Then windblown grass seed had lodged in the soil and sprouted, and now
the crotch was padded with soft grass and made a comfortable seat, where
I sometimes whiled away afternoon hours by myself. Since Grandfather
was moving up and down the lawn, pushing his mower, and I was stationary,
I had to get the essential information out in short bursts as he trundled
past, short bursts shouted over the whirring of the mower blade against
the cutting bar.
“Raskol and I are going to travel the whole length
of the Bolotomy, by boat,” I shouted.
“No kidding?” he said. There was grandfatherly
indulgence in his voice, I thought. He pushed on down to the end
of the lawn and turned back toward me. I thought he looked skeptical.
“We’ve got it all planned,” I assured him.
“Great,” he said.
I watched him move on, and his nonchalance about
what to me seemed an adventure, a considerable undertaking, especially
for a boy my age, brought a sinking disappointment to my heart.

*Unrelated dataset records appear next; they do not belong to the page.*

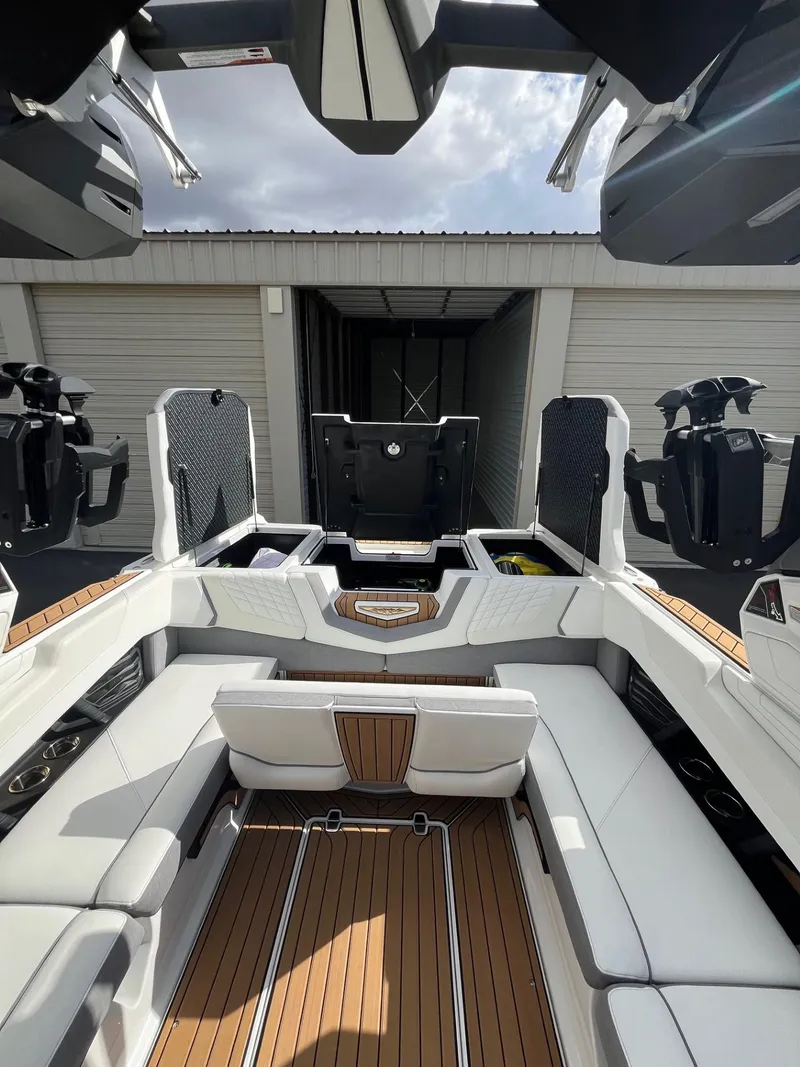 Slide: The Image of 2023 Nautique Super Air G23 boat interior with sleek seating and modern design. - 76
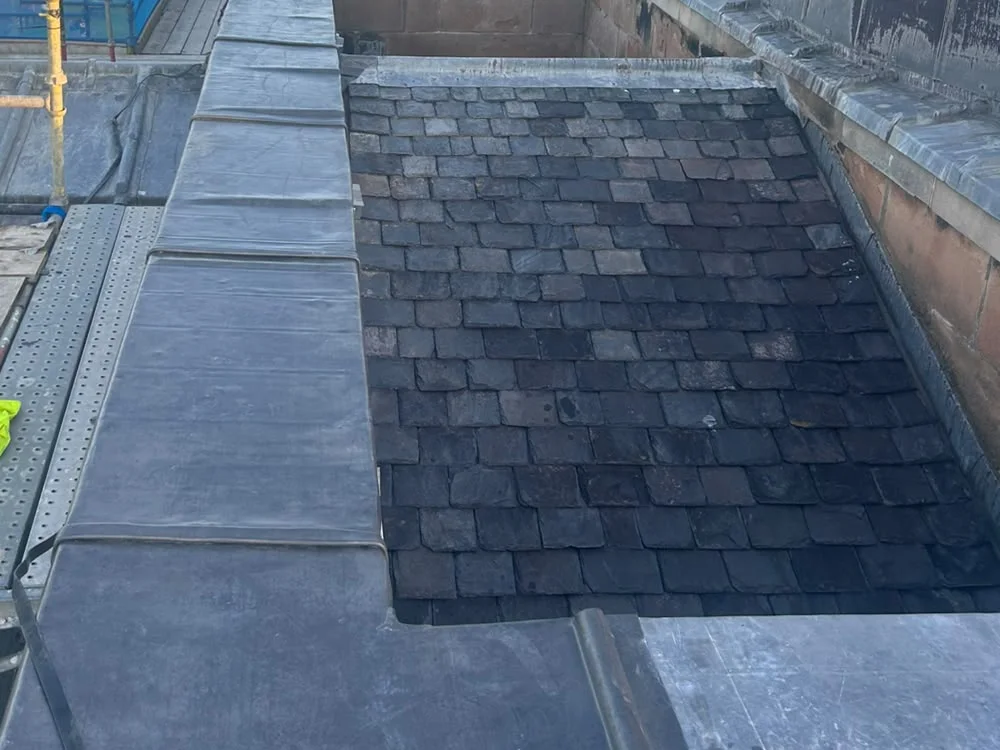 A parapet cope covered in sheet lead, bay by bay with lapped joints, beside a newly slated roof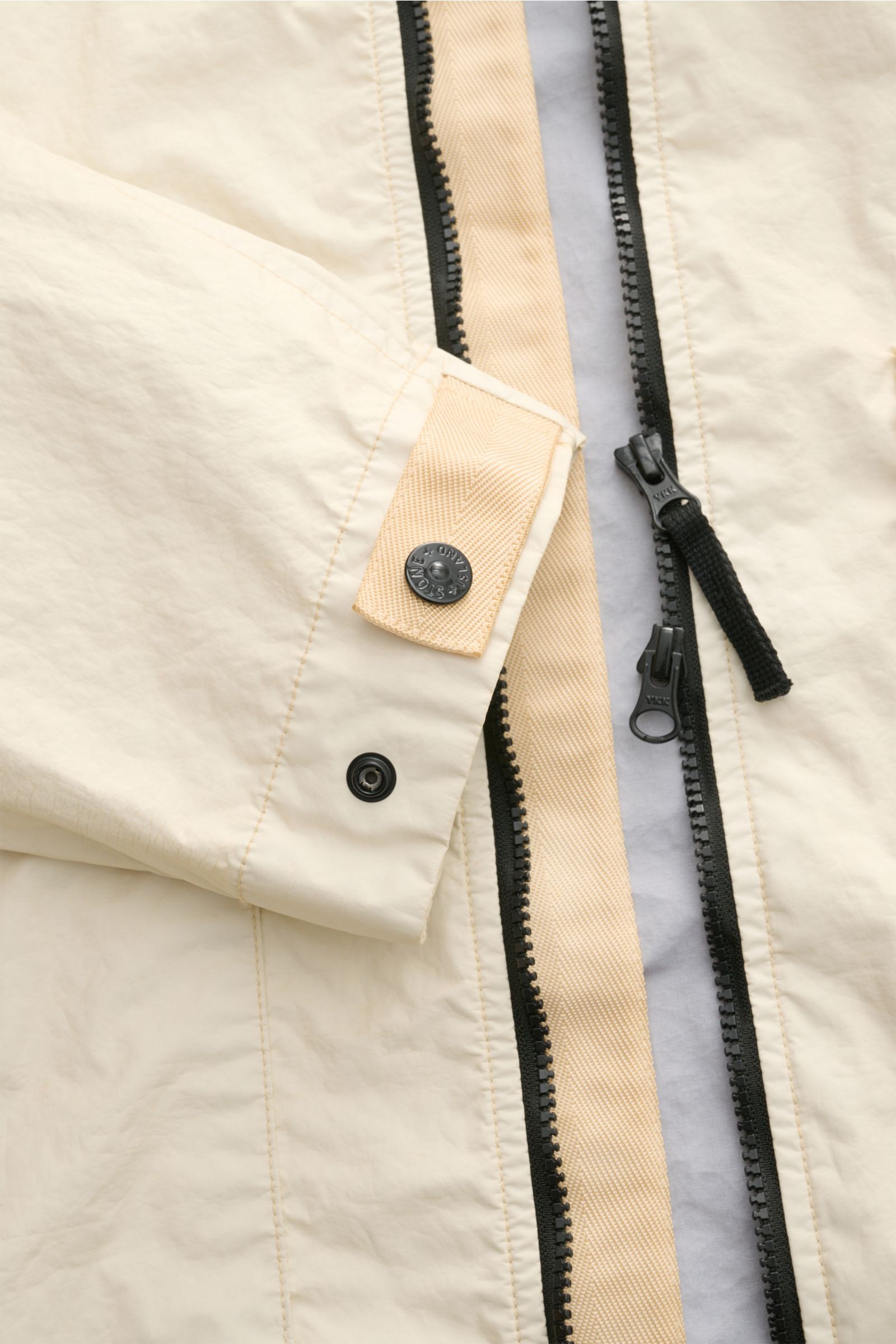 Stone Island Jacke 'Membrana' creme, Nahaufnahme von Ärmel mit Knopfleiste und teilweisem Zwei-Wege-Reißverschluss, wind- und wasserabweisend.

Only
later did the thought occur to me that he had heard this sort of thing
before, that my father, trying to please him, had planned voyages on the
bay and elsewhere and perhaps had even proposed the very trip that Raskol
and I intended to make, but that my father had never taken any of them,
and that Grandfather, nobody’s fool, had hardened his heart against such
boyish schemes. At the time, I could only think that he didn’t consider
me capable of making the journey, and I was hurt. I wanted to show
him how much work I was going to put into this.
“We’re going to build our own boat,” I shouted as
he pushed past.
He snorted. He pushed on and turned at the
edge of the driveway. He started back toward me, looking at the line
of his last cut, concentrating on making his path straight.
“We’re not quite sure what kind of boat we should
build,” I shouted on his next pass.
He said nothing, and I thought of giving up, but
when he turned at the fence and began moving toward me again I could see
that he was smiling and his eyes were bright.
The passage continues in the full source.